Mestplaatsingsruimte in relatie tot ANLb

Geplaatst op 31-1-205

Soms blijkt er nog onduidelijkheid te zijn omtrent de mestplaatsingsruimte in relatie tot ANLb pakketten en dan specifiek voor het kruidenrijk grasland. Het kruidenrijk grasland mag alleen bemest worden met ruige mest en niet met drijfmest. Voor de plaatsingsruimte gelden er GEEN beperkingen hieromtrent. Er mag gewoon de dierlijke gebruiksnorm aan mest op het perceel gebracht worden die vanuit derogatie mogelijk is. Dit kan door meerdere keren ruige mest te strooien en / of beweiding toe te passen. Daarnaast is het volgens onderstaand bericht vanuit Boerennatuur ook mogelijk om enige flexibiliteit toe te passen om qua bemesting te schuiven tussen percelen. De uiteindelijke check of je voldoet aan wettelijke gebruiksnormen vindt plaats op bedrijfsniveau.

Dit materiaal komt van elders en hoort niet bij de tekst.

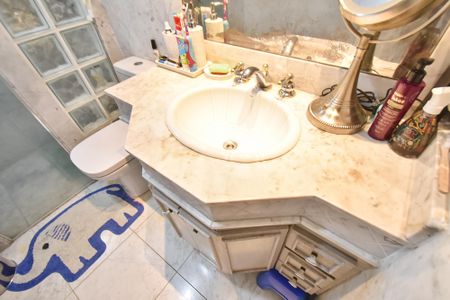 Apartamento à venda com 120m², 3 quartos e 2 vagasBanheiro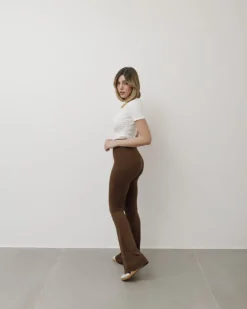 Pantaloni a zampa in lycra marrone – 1171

https://www.rvo.nl/onderwerpen/samenhang-tussen-anlb-en-mest


Onderstaand berichtgeving vanuit Boerennatuur omtrent mestplaatsingsruimte in relatie tot ANLb:

Algemene regel: mestplaatsingsruimte ANLb-percelen raak je niet kwijt

We hebben vanuit RVO de bevestiging gekregen dat de informatie nog klopt en dat er geen mestplaatsingsruimte wordt ingeleverd voor percelen waar alléén vanuit het ANLb-beheer een beperking op bemesten ligt. Hoeveel mestplaatsingsruimte dat is, hangt af van het specifieke gewas (dus de gebruikte gewascode) en de daaraan gekoppelde gebruiksnormen (check daarvoor deze tabel van RVO). De uiteindelijke check of je voldoet aan wettelijke gebruiksnormen vindt plaats op bedrijfsniveau; daardoor ontstaat er flexibiliteit voor boeren om qua bemesting te ‘schuiven’ tussen percelen. Feit blijft dat je altijd moet zorgen dat je je houdt aan de wettelijke normen.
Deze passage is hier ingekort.